Reviews and trust: do they converge?
The answer to this question is obvious: they do. Because trust influences customer decisions, reviews that don’t convey trust have a negative impact on… well, pretty much everything you try to do online.
It is imperative to address reviews of any kind quickly and courteously, to prove that you are paying attention to customer feedback. Remember that listening to customer feedback is one of the 16 attributes identified by the Edelman Trust Barometer as essential to building trust. It is also common sense to believe that by engaging meaningfully with customers and peers they will trust you more. This is why managing reviews is such an important task. We discussed in previous articles how reviews are essential for digital marketing survival. (link)
The statistics don’t lie: a Nielsen Global Trust in Advertising Report released in 2015 and still cited today (because the numbers haven’t changed much) revealed that about 83% of the interviewees would recommend a company they trust to others and consumer opinions posted online (aka reviews) ranked at a whopping 60%. You will also want to read the cited report to see how customers view traditional advertising too.
Reviews can influence purchase decisions, so it’s in your best interest to address them, positive or negative, as soon as they are posted. Do not hide behind the “no time, no money” excuse. In the long run, a bad review can cost you more than hiring a professional to monitor and reply. As we often advise, respond to all reviews, good or bad. You establish trust by putting all your customers first, whether they are happy or discontented. Reward positive reviews and promise to improve when clients complain about certain issues to make the trust barometer rise.
Also, always remember that by addressing negative feedback instead of blocking or removing it, you are showing people that you have nothing to hide, that you are open to criticism, and therefore, that you are trustworthy. Do NOT remove negative reviews unless they are fake.
The security you should care about
There’s no “security” online. There. I said it. There are, however, steps to take to make your clients feel better about entrusting you with personal information such as credit card numbers, addresses, passwords, and the like.
Google already demands (as opposed to recommends) for you to use HTTPS (Hypertext Transfer Protocol Secure) to protect “the integrity and confidentiality of data between the user’s computer and the site,” and they are starting to block sites that do not comply in the Chrome browser. While in the past it was recommended that hoteliers have at least their booking engine HTTPS compliant, now it is imperative that their whole sites comply.
The moment Google displays a red flag in relation to your site, you lose: direct customers and search engine rankings at the same time, which, in turn, will destroy your reputation (and hard-earned trust) in the long term.
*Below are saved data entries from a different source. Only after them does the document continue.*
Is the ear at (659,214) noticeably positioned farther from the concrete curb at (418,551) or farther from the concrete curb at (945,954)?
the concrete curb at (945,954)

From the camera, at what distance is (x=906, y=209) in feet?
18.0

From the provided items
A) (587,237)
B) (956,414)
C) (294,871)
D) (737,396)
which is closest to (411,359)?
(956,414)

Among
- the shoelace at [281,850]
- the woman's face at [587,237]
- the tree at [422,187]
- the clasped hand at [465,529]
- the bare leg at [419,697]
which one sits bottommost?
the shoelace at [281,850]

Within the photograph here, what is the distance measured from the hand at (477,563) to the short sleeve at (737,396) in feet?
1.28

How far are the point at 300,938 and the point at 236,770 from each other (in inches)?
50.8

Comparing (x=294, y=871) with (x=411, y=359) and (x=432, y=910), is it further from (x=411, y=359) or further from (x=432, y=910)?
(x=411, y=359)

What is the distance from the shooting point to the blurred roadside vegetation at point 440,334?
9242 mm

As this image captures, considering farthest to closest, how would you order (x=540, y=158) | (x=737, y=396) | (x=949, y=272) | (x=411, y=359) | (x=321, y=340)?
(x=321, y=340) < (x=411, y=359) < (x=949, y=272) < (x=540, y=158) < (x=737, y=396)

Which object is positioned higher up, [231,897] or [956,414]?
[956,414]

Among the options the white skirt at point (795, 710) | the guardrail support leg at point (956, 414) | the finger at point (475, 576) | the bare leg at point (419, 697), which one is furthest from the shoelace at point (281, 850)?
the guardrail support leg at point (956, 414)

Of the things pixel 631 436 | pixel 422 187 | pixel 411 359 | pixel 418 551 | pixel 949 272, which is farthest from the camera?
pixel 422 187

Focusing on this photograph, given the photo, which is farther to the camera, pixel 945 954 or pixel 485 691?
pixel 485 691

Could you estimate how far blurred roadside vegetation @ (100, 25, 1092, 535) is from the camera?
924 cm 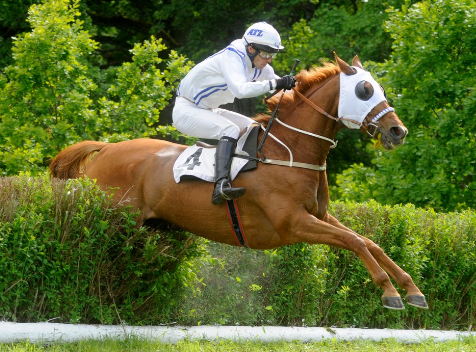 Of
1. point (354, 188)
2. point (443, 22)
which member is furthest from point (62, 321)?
point (443, 22)

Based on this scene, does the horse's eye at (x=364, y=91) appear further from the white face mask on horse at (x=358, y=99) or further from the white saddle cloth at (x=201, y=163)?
the white saddle cloth at (x=201, y=163)

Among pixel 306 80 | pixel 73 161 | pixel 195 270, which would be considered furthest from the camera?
pixel 73 161

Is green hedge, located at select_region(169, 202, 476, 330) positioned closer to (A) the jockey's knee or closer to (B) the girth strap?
(B) the girth strap

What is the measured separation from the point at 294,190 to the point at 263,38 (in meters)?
1.45

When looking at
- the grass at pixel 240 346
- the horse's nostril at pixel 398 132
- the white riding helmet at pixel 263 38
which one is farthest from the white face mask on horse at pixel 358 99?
the grass at pixel 240 346

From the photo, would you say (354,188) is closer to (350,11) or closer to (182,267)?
(182,267)

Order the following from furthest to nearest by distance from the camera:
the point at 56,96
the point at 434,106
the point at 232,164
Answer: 1. the point at 434,106
2. the point at 56,96
3. the point at 232,164

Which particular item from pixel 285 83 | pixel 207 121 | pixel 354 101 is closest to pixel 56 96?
pixel 207 121

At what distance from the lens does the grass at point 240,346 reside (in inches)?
248

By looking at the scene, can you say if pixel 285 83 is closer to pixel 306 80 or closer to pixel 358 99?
pixel 306 80

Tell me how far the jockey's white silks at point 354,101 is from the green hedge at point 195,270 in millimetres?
2015

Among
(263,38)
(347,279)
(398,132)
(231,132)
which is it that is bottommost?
(347,279)

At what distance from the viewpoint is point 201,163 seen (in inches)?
272

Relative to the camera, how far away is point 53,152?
1125cm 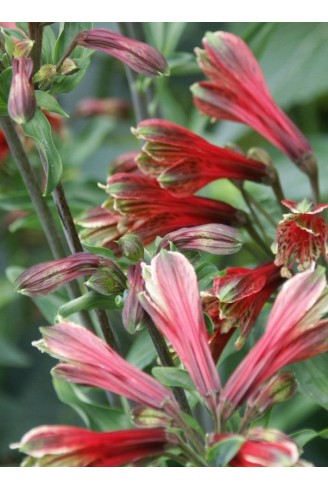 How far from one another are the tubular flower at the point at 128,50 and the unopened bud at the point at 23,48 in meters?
0.05

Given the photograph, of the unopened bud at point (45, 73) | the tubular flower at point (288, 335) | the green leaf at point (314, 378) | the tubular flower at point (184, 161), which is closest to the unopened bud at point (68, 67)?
the unopened bud at point (45, 73)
Have a clear site security policy in place to let customers know what to expect and to avoidlitigations. Keep in mind that Internet trust is at an all time low, and any business with a data breach my suffer irreparable damages. The 2016 Global Internet Report by the Internet Society stated that about 60% of users would likely not do business with a company which had suffered a data breach and that according to the Online Trust Alliance, 93 percent of breaches are preventable.
And do not be surprised that we are mentioning security here. It’s 2017, and 89% of hotel websites don’t use HTTPS (!). If you own one of these websites, you should reconsider your strategy. FAST. Besides, as all statistics confirm, secure, trustworthy sites bring more direct bookings.